Activity: In the listing below, find every line with the string "dress" and pull it out.

::: Records for the exercise

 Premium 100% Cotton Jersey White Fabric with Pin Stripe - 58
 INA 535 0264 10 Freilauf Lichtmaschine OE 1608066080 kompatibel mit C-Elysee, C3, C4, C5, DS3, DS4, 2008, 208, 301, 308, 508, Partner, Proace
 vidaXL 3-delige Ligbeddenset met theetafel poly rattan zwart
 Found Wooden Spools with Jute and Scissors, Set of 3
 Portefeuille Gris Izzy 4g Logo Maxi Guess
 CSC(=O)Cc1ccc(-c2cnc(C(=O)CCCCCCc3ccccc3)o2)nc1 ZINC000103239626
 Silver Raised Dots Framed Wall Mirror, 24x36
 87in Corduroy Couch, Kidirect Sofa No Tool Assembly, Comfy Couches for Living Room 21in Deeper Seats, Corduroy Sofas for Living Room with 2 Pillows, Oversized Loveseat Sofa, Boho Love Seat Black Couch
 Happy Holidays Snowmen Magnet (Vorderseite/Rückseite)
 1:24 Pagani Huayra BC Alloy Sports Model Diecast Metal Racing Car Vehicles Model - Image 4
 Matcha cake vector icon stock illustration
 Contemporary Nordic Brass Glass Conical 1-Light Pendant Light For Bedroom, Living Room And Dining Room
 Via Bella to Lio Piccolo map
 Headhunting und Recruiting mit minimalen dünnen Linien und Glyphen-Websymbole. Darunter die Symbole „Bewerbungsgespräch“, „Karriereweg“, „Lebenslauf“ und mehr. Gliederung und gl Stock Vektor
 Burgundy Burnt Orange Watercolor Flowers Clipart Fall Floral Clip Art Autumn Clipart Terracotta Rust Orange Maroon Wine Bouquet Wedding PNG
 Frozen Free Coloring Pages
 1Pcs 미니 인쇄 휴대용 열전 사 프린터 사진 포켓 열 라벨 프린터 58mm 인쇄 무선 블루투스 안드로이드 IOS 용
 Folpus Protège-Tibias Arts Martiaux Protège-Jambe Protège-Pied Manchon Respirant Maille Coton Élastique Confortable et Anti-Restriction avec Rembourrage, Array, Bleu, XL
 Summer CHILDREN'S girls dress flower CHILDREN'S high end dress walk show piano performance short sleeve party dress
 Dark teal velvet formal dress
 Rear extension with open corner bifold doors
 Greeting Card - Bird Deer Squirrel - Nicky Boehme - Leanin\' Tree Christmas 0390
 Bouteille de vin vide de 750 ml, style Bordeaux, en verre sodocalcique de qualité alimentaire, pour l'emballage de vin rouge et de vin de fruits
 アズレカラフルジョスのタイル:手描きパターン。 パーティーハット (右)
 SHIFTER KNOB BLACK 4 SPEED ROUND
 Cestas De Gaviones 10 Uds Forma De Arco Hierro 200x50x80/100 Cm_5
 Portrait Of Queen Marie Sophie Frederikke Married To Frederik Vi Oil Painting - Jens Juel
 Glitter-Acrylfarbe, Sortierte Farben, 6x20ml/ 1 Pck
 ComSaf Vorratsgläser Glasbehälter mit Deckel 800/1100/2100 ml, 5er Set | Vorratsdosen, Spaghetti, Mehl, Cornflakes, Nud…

::::::

Written response:
 Summer CHILDREN'S girls dress flower CHILDREN'S high end dress walk show piano performance short sleeve party dress
 Dark teal velvet formal dress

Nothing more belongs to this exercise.